# AR Sites



## Ooh-Rah (Jul 7, 2015)

Any opinion about these sites?  

Seller is asking $120 - shipped.
http://www.amazon.com/Vortex-Optics-StrikeFire-Cantilever-SF-RG-501/dp/B00MAJKX9M

I'm a newb to all these electronic optics,and  and this seems like a very fair price.  What are your thoughts on why it is not selling?  Is it really the idea that if it is not one of the big expensive brand names then it cannot be a quality site?

My limited knowledge makes me wonder if it is because it is 4 MOA vs. 2 MOA?

Pretty sure I still want to get a 2MOA for my rifle, but I am wondering your opinion on how this might work on a home defense shotgun?


----------



## DA SWO (Jul 7, 2015)

I'd go to Midway or Brownells and compare before buying off Amazon.
I am not saying don't buy it, but check to see if the other companies have something similar.
I'd also check the reviews, starting with the 1-star nd working my way up.


----------



## Ooh-Rah (Jul 7, 2015)

I should have been more clear -  seller is someone I know on another forum, price is $120 shipped.

I linked the Amazon ad to show the scope.
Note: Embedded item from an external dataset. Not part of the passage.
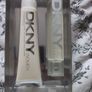 DKNY perfume set Image 3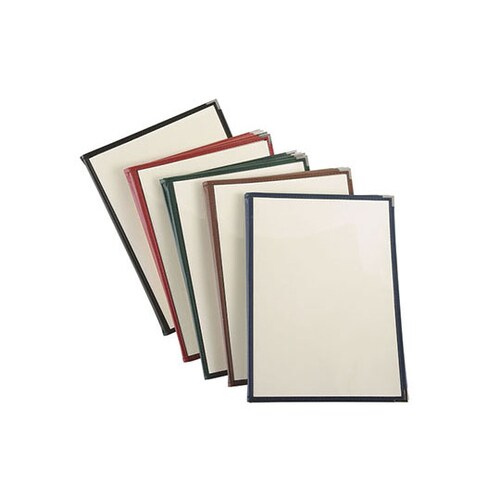 310616クリアテーピングメニュー緑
Was not sure about Shadow Spear policy in linking to another forum's classifieds.

Doing some additional research, it looks like I'd want to go with a reflex site for my shotgun.  

In regards to the sight above, I guess you get what you pay for - 4MOA for $200 or 2MOA for about $400 -


----------



## Centermass (Jul 7, 2015)

Ooh-Rah said:


> Any opinion about these sites?
> 
> I am wondering your opinion on how this might work on a home defense shotgun?



If it's a SBS or sawed off, 40MOA would suffice.......lol


----------



## Ooh-Rah (Jul 7, 2015)

Fuck - I need to stop writing as I think - all fucking garbled.

Was talking about using a reflex for the shotgun and the site for the AR - realistically I won't be shooting it much further than 200 meters anyway - 

For that price I'm going to buy it and give it a try on the AR


----------



## Diamondback 2/2 (Jul 7, 2015)

http://www.google.com/url?q=http://...HTggMw&usg=AFQjCNFciEazBowubuLCzPlUf_Cc4rN1ug


Do some google/youtube research on the Vortex red dot's. I know several SPARC's have failed in classes, and its gotten pretty crap reviews buy people who actually used them.

This Black Spider red dot is built by Spike Tactical and has some interesting torture teat reviews on YouTube.

$.02


----------



## Diamondback 2/2 (Jul 7, 2015)




----------